Casualties of radiation dispersal devices, nuclear detonation or major ionizing radiation accidents, in addition to radiation exposure, may sustain physical and/or thermal trauma. Radiation exposure plus additional tissue trauma is known as combined injury. There are no definitive therapeutic agents. Cyclooxygenase-2 (COX-2), an inducible enzyme expressed in pathological disorders and radiation injury, plays an important role in inflammation and the production of cytokines and prostaglandin E(2) (PGE(2)) and could therefore affect the outcome for victims of combined injury.
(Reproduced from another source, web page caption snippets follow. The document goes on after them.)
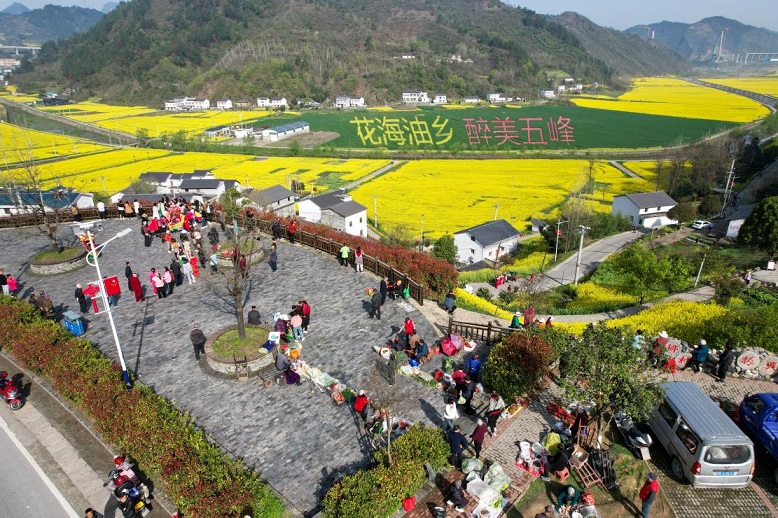 湖北郧阳五峰两朵金花带动村民增收致富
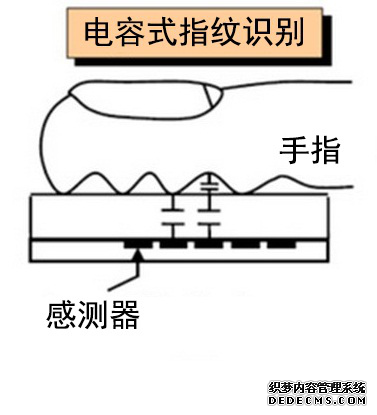 指紋識別系統(tǒng)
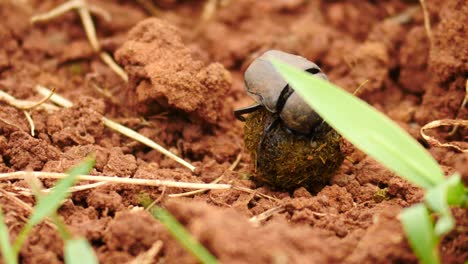 el primer plano del escarabajo pelotero en cámara lenta prepara una pequeña bola de estiércol y comienza a rodarla sobre un suelo irregular de tierra roja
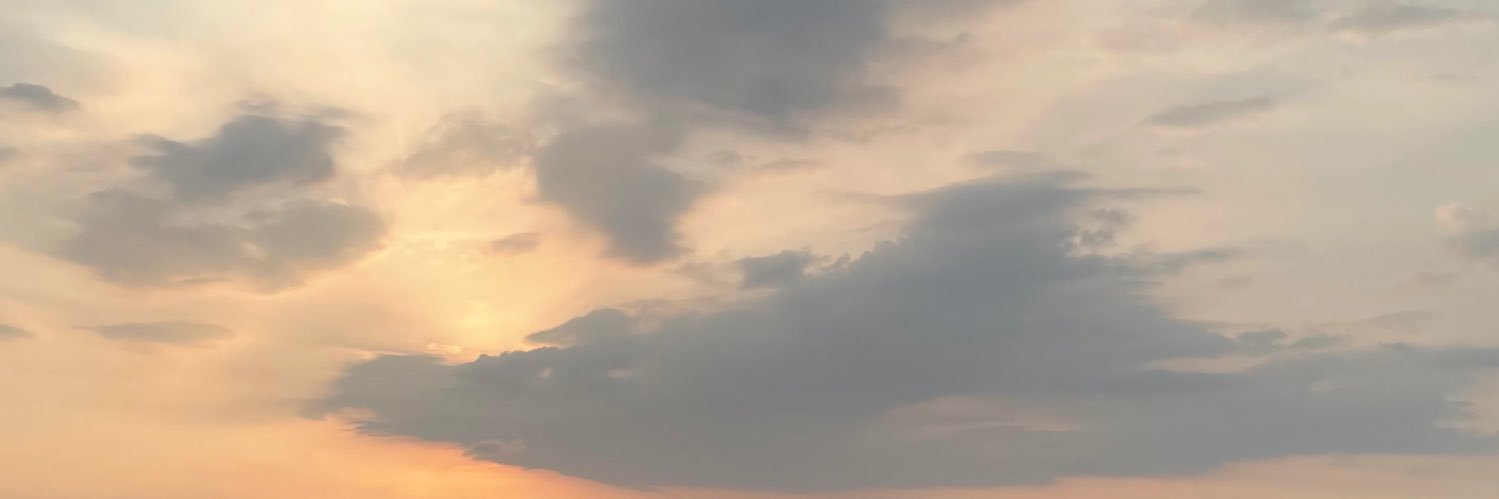 ☀︎ banner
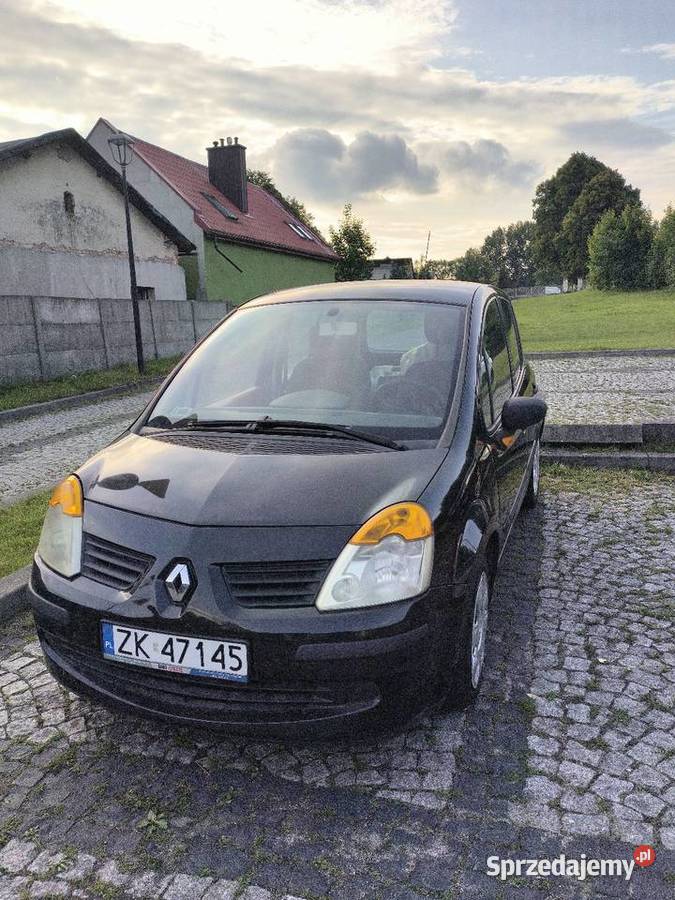 Renault Modus 12 Ryczów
The COX-2 inhibitors celecoxib and meloxicam were evaluated for their therapeutic value against combined injury in mice. In survival studies, the COX-2 inhibitors had no beneficial effect on 30-day survival, wound healing or body weight gain after radiation injury alone or after combined injury. Meloxicam accelerated death in both wounded and combined injury mice. These drugs also induced severe hepatic toxicity, exaggerated inflammatory processes, and did not enhance hematopoietic cell regeneration. This study points to potential contraindications for use of COX-2 inhibitors in patients undergoing therapy for radiation injury and combined injury.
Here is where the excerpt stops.